(Dataset entries)
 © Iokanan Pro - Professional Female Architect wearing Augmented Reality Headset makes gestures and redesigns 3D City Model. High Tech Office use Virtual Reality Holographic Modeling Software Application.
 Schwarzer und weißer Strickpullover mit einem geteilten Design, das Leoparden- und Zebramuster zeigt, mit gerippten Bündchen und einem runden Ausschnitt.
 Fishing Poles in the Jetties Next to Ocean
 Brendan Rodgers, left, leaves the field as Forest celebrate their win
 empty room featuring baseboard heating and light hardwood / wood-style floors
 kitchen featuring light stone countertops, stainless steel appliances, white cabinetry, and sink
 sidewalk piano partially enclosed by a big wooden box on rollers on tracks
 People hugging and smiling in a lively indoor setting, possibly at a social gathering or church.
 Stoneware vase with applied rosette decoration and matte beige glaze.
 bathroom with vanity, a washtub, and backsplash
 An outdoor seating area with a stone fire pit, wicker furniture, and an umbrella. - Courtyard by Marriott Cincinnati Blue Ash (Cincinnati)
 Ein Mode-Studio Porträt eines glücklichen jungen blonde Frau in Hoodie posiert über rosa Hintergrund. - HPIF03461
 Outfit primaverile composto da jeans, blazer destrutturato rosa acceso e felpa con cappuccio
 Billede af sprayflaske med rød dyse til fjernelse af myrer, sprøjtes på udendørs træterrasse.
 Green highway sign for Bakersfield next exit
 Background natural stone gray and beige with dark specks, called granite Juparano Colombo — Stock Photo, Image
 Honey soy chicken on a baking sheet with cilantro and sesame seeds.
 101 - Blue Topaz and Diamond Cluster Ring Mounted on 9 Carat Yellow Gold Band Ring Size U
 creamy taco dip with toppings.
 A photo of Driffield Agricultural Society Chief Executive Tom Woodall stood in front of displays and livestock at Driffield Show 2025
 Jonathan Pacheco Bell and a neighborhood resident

**About this task:** Return word for word the line with "Honey soy chicken" and every line after it through the end of the records above.

**Response to this exercise:**
 Honey soy chicken on a baking sheet with cilantro and sesame seeds.
 101 - Blue Topaz and Diamond Cluster Ring Mounted on 9 Carat Yellow Gold Band Ring Size U
 creamy taco dip with toppings.
 A photo of Driffield Agricultural Society Chief Executive Tom Woodall stood in front of displays and livestock at Driffield Show 2025
 Jonathan Pacheco Bell and a neighborhood resident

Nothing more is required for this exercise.